Grimly, now, with all mirth silenced and cheer forgotten, we crawled forward. The Pilot was intent on avoiding the worst of the rocks, while I, a navigator rendered useless by a phone with no service (and thus no capability of seeing just how far along we were in this fiasco), clung to the arm rest and prayed that Victoria would not get a flat tire, that we would reach the interstate soon, that God would have mercy on our thwarting of our own intelligence, forgive us for our impatience that led us to such rash stupidity, and deliver us from getting stuck in the middle of nowhere. The whole idea of "praying without ceasing" becomes so much more understandable when you've been extraordinarily dumb. Our one comfort was that there was a car in front of us and one behind us who had, apparently, had exactly the same idea as we did, and we were jouncing and bouncing up and down those hills flanked by two other cars whose occupants were just as dumb as we were.

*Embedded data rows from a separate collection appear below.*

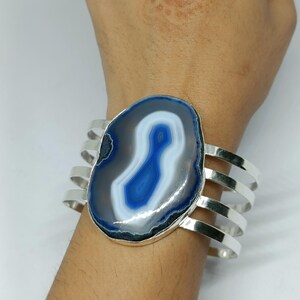 May include: A cuff bracelet featuring a large, polished, oval-shaped blue and white banded agate stone set in a silver-toned metal frame. The band consists of four parallel, thin, curved silver-toned metal strips that wrap around the wrist.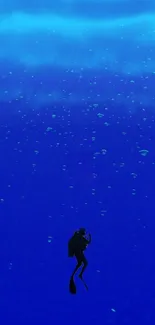 Silhouetted diver exploring a vast blue ocean with rising bubbles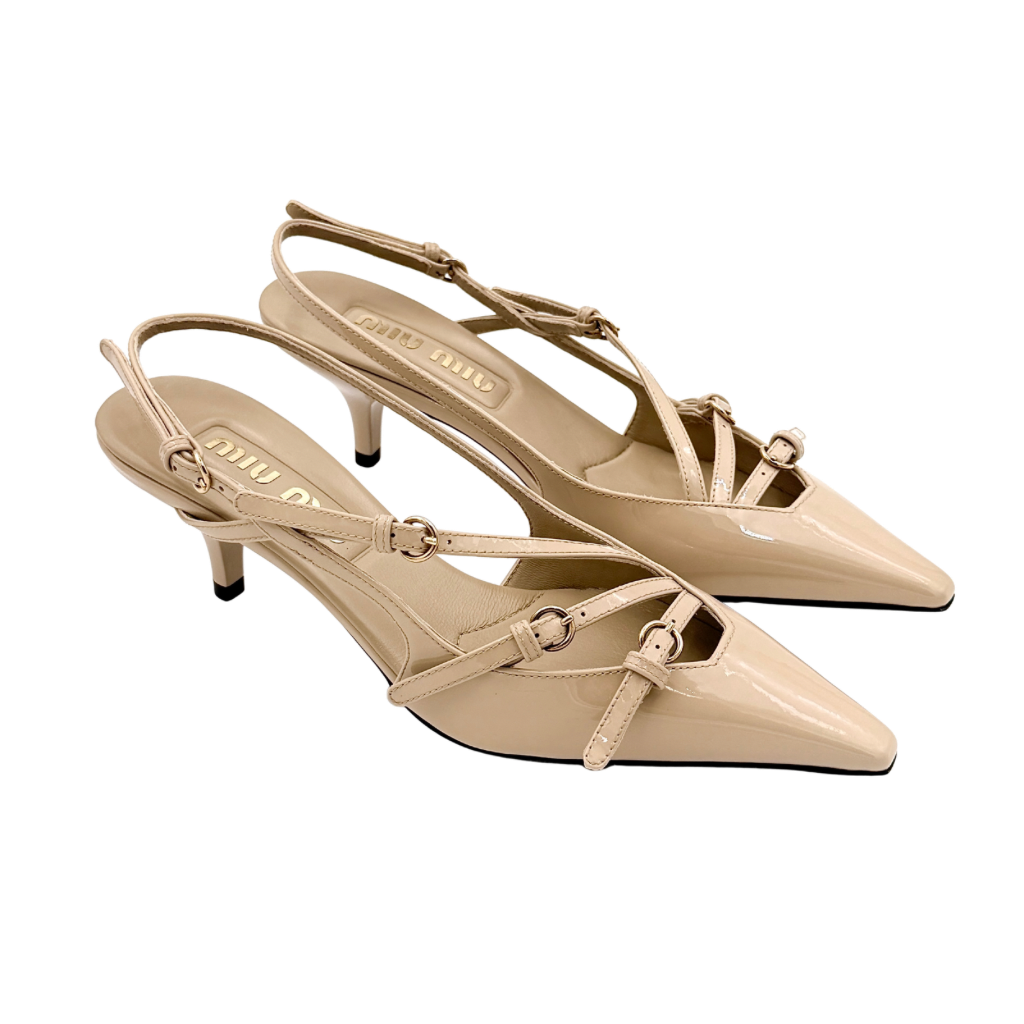 A pair of Miu Miu beige patent leather slingback pumps with pointed toes and gold-tone buckles displayed on a white background.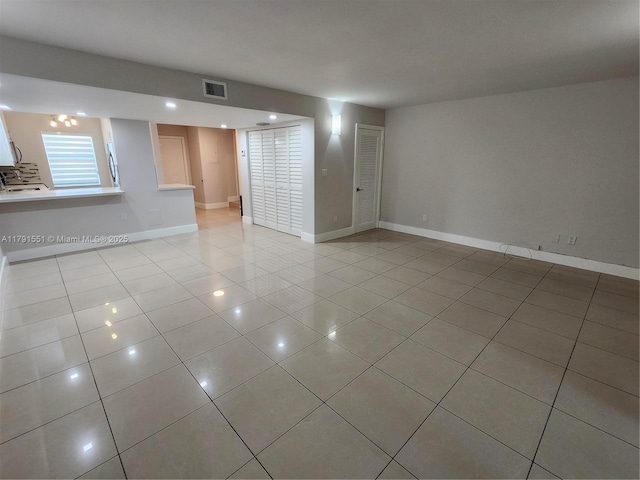 empty room featuring baseboards, visible vents, and light tile patterned floors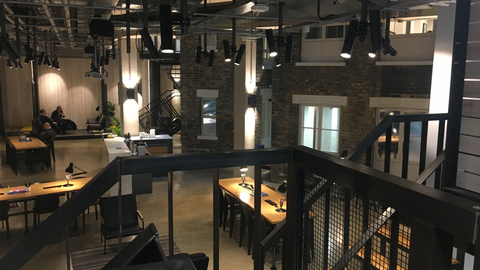 A view from a mezzanine over a dark, industrial-style open-plan office with exposed ductwork, brick and a black metal railing.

God was merciful– we didn't get a flat tire. Loud rang the hallelujahs when finally we sighted the paved road that would end poor Victoria's ordeal and get us back to the interstate. Humbled, chastened, we swore off all shortcuts forevermore as the Pilot coaxed Victoria through the last reef of rocks and rolled her out onto the asphalt road. A guy in a big pick-up truck, waiting patiently for us to pass so he could go off-roading with his dog, gave us a grin and a curious look as Victoria limped by. "Yes," I said, though the windows were closed and we were already past him, "yes, we are just as dumb as you suspect."

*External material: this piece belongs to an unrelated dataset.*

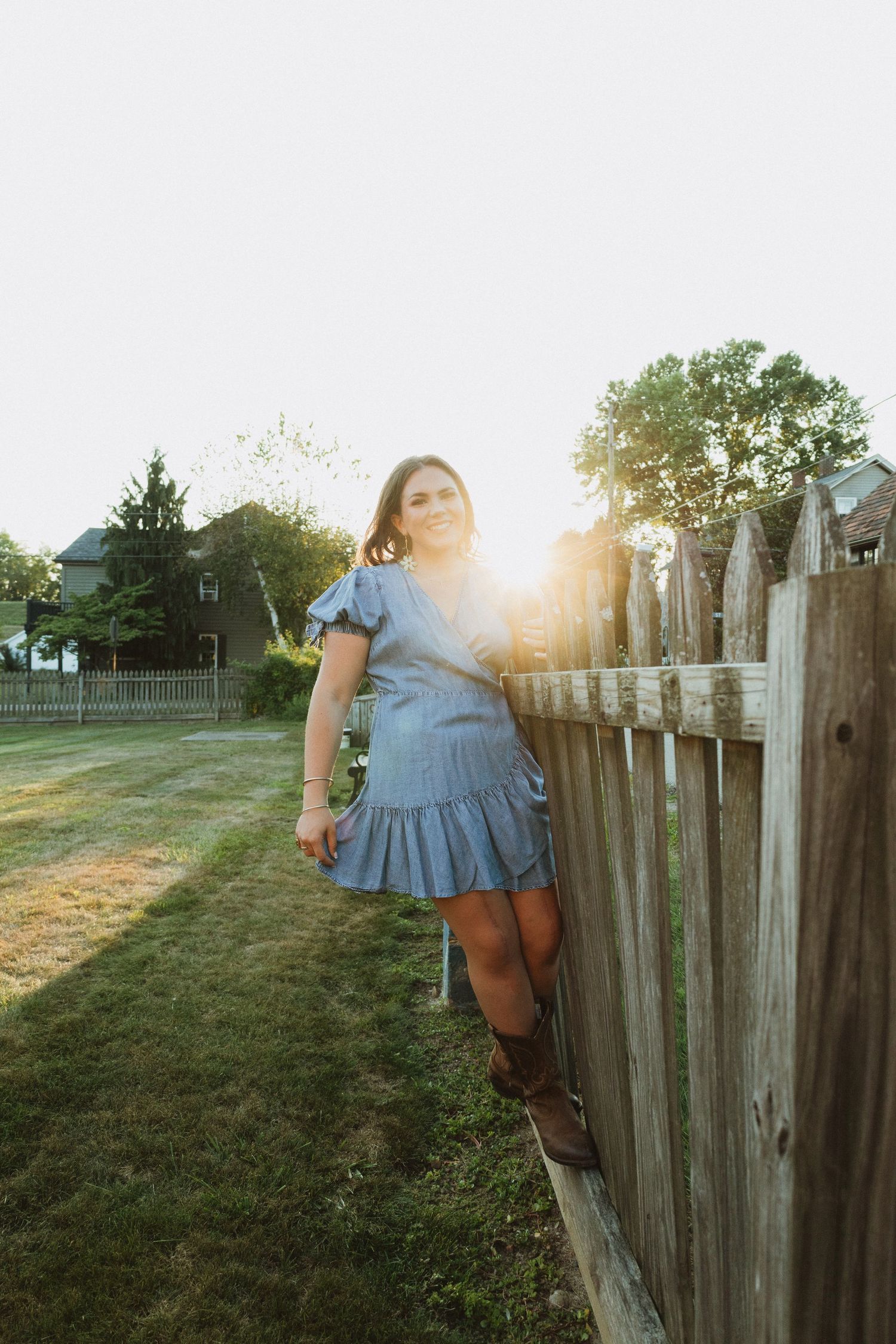 Sunlit golden hour photography session by a rustic wooden fence in a backyard setting.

It was an adventure, of course, and one that, a couple hours later when we were fairly certain that the only long-term damage that had been sustained was to our egos and not to Victoria's tires or suspension, we were able to laugh at. And though it is a tiresome thing to be always pulling morals from the stories, (and perhaps really the best moral of this story is that God has grace for our moments of nitwitery and featherbrainedness) it seems natural to point out that shortcuts tempt us not just on road-trips, but on all sorts of roads in life. When circumstances appear to grind our lives to a halt, when things aren't progressing as we think they ought to be, it's easy to assume that we know how to "fix it" and careen off onto the shortcut that we think will get us what we want or where we want to be. Most of the time, though, what appeared to be a quick and easy shortcut can batter and bruise us– and humble us (which isn't such a bad thing. There is grace and purpose even in the battering and bruising.) Wisdom lies in sticking with the slow, quiet, patient path, in being content with the story as it is now and not trying to skip several chapters ahead. I know how difficult this is– I am a dreamer, an idealist, and I struggle with taking the journey step-by-step, the story page-by-page. I want to take the shortcut, I want to skip ahead in the book. Staying patient, staying content, living the present life, in the present day with the present struggles may feel, at times, dreary and tedious, as tedious as a slow crawl on a backed-up interstate. But the present life is also where I experience the real joy of today's grace. Because I can never experience anything in the future but only in the present moment, if I am so caught up in the shortcut towards tomorrow I am too distracted to see that today brings real grace– present peace– and true joy.

This isn't a picture of the actual road we were on, since while we were on it I was too busy praying for mercy and repenting of stupidity to think about taking a picture. But it gives you an idea– just think rockier. And steeper. And three or four miles long.